• The input:
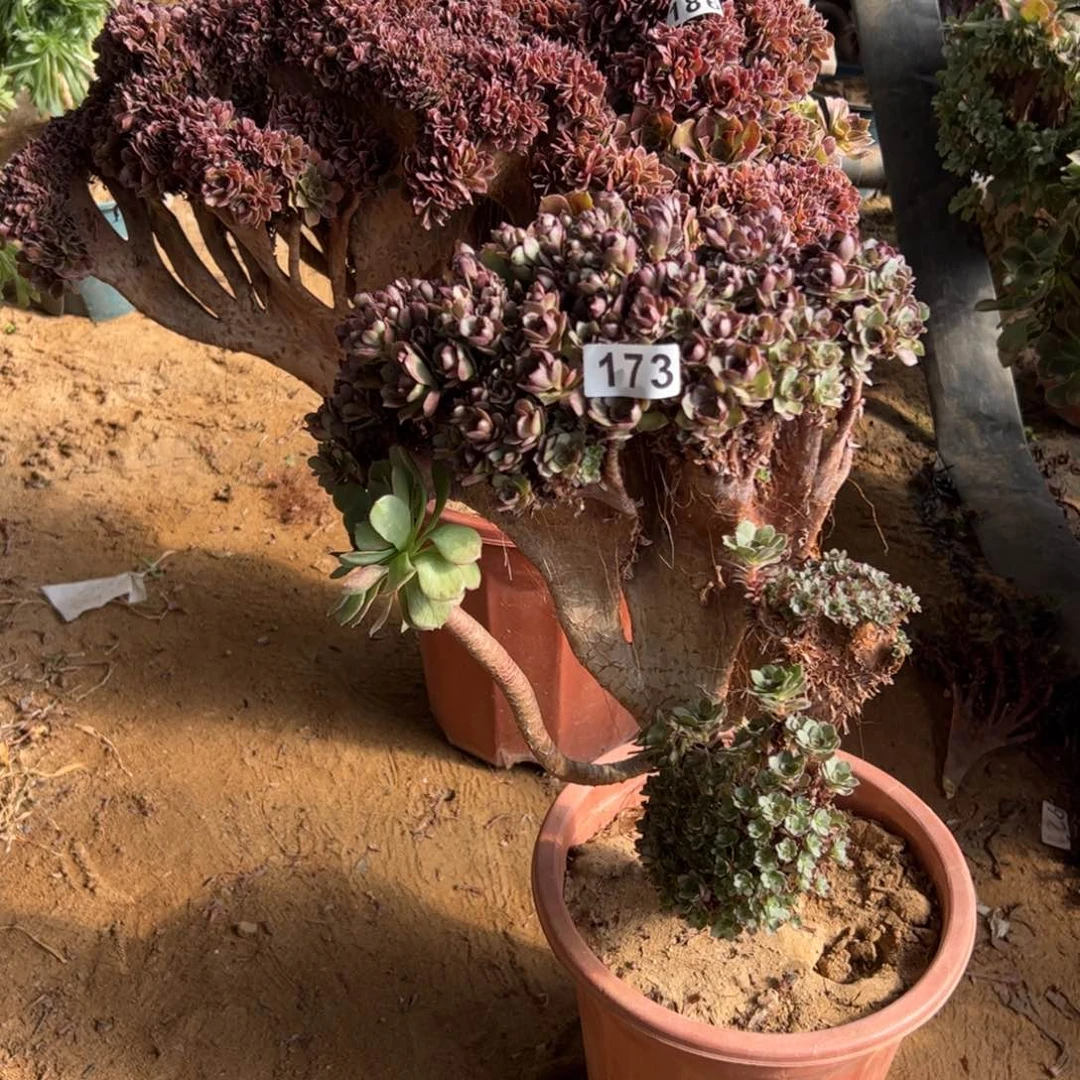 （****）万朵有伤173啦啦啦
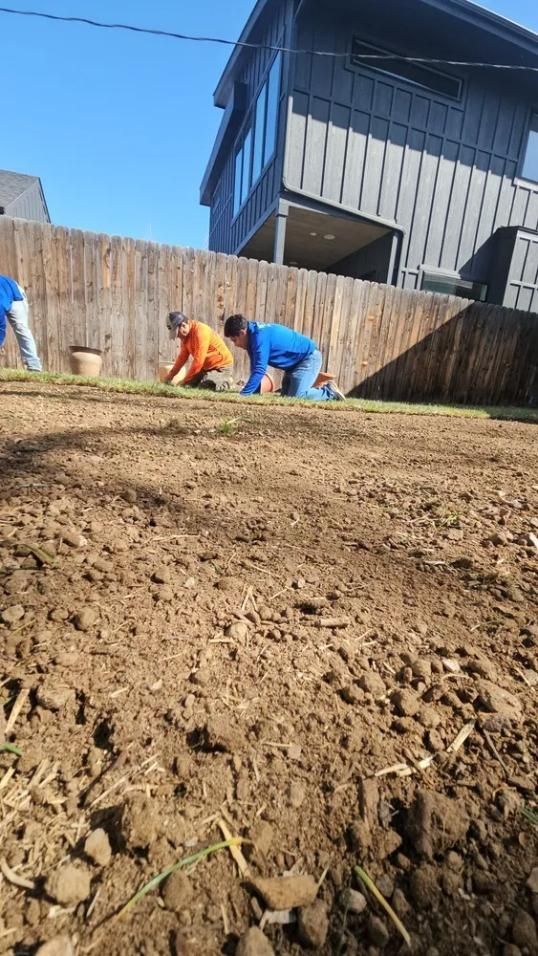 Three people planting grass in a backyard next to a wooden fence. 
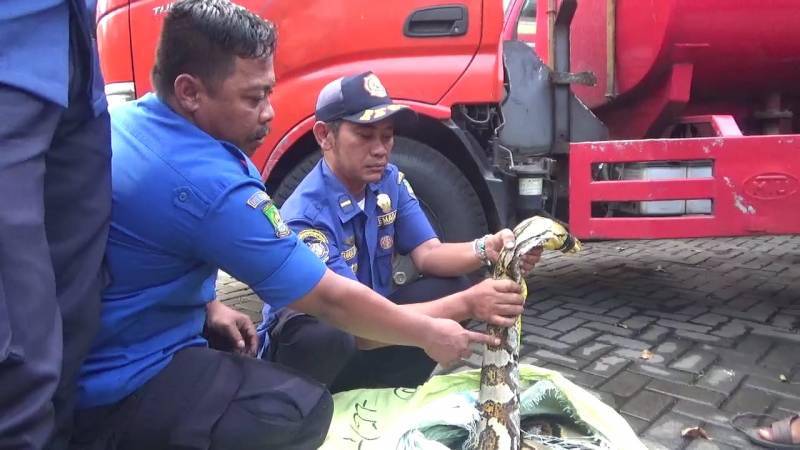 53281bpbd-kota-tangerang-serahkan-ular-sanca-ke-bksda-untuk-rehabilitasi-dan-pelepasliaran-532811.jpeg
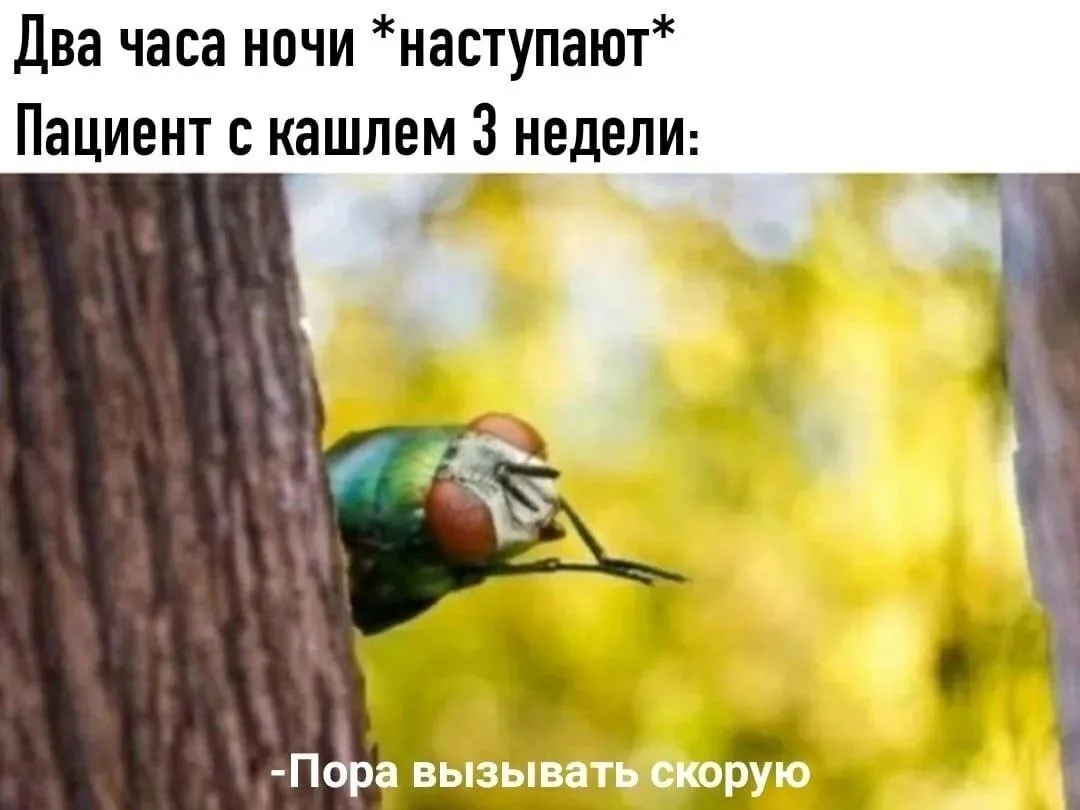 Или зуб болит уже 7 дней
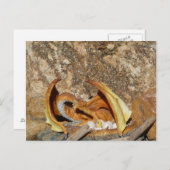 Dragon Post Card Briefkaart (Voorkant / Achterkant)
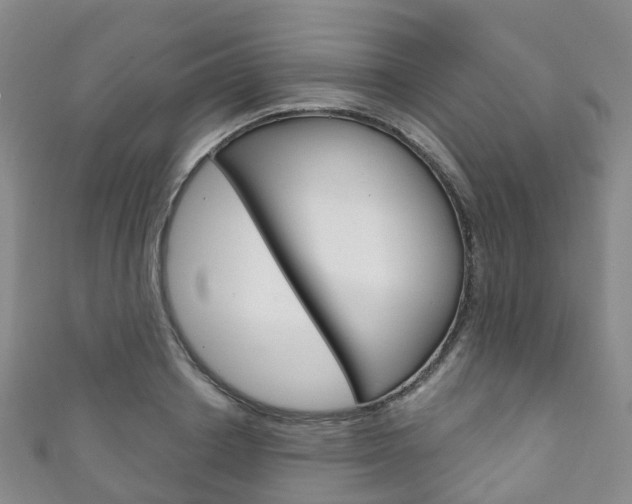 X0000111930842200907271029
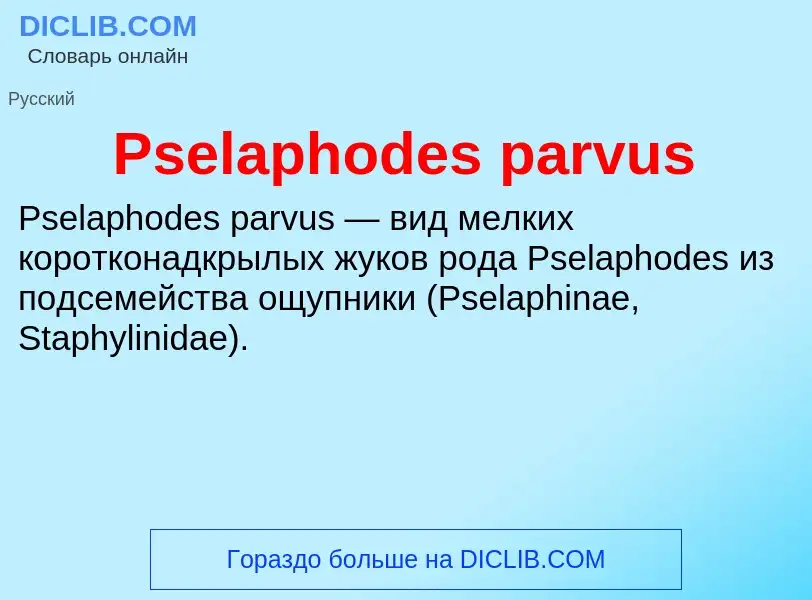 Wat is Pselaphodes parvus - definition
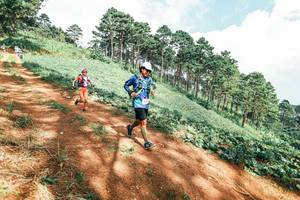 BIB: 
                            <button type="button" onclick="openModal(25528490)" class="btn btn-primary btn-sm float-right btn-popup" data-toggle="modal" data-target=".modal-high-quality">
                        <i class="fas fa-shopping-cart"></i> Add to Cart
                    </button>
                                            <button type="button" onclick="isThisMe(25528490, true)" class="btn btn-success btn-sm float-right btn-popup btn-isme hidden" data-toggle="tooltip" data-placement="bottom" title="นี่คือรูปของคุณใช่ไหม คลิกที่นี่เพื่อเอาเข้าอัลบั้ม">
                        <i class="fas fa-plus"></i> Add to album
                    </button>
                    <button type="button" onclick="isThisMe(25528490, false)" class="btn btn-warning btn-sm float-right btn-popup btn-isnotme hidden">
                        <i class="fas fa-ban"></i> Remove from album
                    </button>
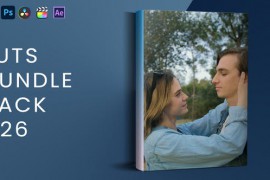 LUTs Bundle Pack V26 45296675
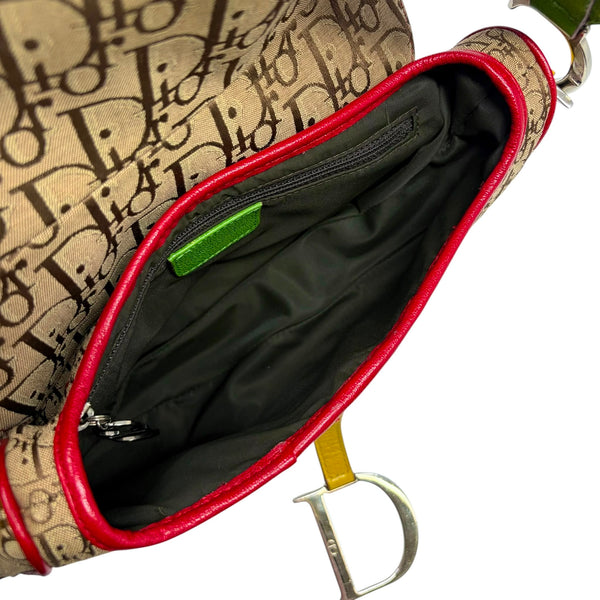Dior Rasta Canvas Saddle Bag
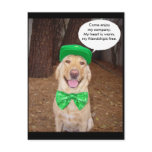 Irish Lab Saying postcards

• Your task: What is needed is an exact retyping of the lines from the start of the data through the line with "Remove from album", with both end lines kept and every picture left out.

• Response:
 （****）万朵有伤173啦啦啦
 Three people planting grass in a backyard next to a wooden fence. 
 53281bpbd-kota-tangerang-serahkan-ular-sanca-ke-bksda-untuk-rehabilitasi-dan-pelepasliaran-532811.jpeg
 Или зуб болит уже 7 дней
 Dragon Post Card Briefkaart (Voorkant / Achterkant)
 X0000111930842200907271029
 Wat is Pselaphodes parvus - definition
 BIB: 
                            <button type="button" onclick="openModal(25528490)" class="btn btn-primary btn-sm float-right btn-popup" data-toggle="modal" data-target=".modal-high-quality">
                        <i class="fas fa-shopping-cart"></i> Add to Cart
                    </button>
                                            <button type="button" onclick="isThisMe(25528490, true)" class="btn btn-success btn-sm float-right btn-popup btn-isme hidden" data-toggle="tooltip" data-placement="bottom" title="นี่คือรูปของคุณใช่ไหม คลิกที่นี่เพื่อเอาเข้าอัลบั้ม">
                        <i class="fas fa-plus"></i> Add to album
                    </button>
                    <button type="button" onclick="isThisMe(25528490, false)" class="btn btn-warning btn-sm float-right btn-popup btn-isnotme hidden">
                        <i class="fas fa-ban"></i> Remove from album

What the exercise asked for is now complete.